Life Science: Jen

Students in life science have begun to explore the concepts of sustainability and inquiry (formerly called the scientific method). We began by looking at scenarios to identify problems, ask experimental questions and research background information. In addition, we have spent time out back in the trees observing our surroundings. Each student has chosen a “sit spot” that will be theirs for the entire year and have begun to look at the scene through the lens of a scientist.
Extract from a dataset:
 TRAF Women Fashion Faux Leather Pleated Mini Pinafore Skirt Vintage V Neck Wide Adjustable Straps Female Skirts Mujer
While learning about research during our inquiry study, students were so excited about the idea of global climate change and making changes to stop it, that two students are creating a lobbying campaign with signs to invest in renewable energy and one student has decided to do a grassroots effort by talking with everyone he knows and encouraging them to call their senators and representatives.

Physical Science:  Ryan

Our first unit was Methods and Measures where students performed experiments in order to learn about various units of measure such as the centimeter, gram, and milliliter.  When we experiment, students fill out a graphic organizer structured on the scientific method, which guides them to think about and record the important parts and details of the process.  Our class learned about air resistance, terminal velocity, opposing forces, and acceleration due to gravity by making egg parachutes and throwing them out the window on the second floor into the multi-purpose room (gym). That experiment helped us turn the corner into motion where we continued to explore this topic through hands-on experiential learning followed by classroom discussion, note-taking, and written reflection. Students played ping pong and then diagramed the vectors and forces involved, thereby merging fun with academics, my ultimate daily goal!

Earth & Space Science: Ryan

Our first unit of the school year was Geologic Time, which explores Earth’s 4.5 billion years of history and identifies the timeline on which major events of development, evolution, and dynamic change took place. Students have learned the order of the Eons, Eras, Periods, and Epochs and have identified species of life that have lived in each Epoch.  This puts the hominin, and Homo Sapien existence into perspective as we learned that if we equate 4.5 billion years of history to a 100 foot clothesline, Homo Sapiens came on the scene five hundredths of an inch from the end (i.e. quite recently). From Geologic Time we’ll be moving on to Rocks and Minerals and explore one of Vermont’s unique geologic features nearby in Burlington at Rock Point, which boasts a first class example of a thrust fault. Leaving the classroom regularly to explore the natural world and conduct field research is an essential part of this class.  We’re enjoying our experiments inside (recently we slingshotted golf balls into play sand to observe how impact craters are formed, the ejecta that results, and how this is related to the K-T boundary, which marks the extinction of the dinosaur world wide) as well as our jaunts outdoors!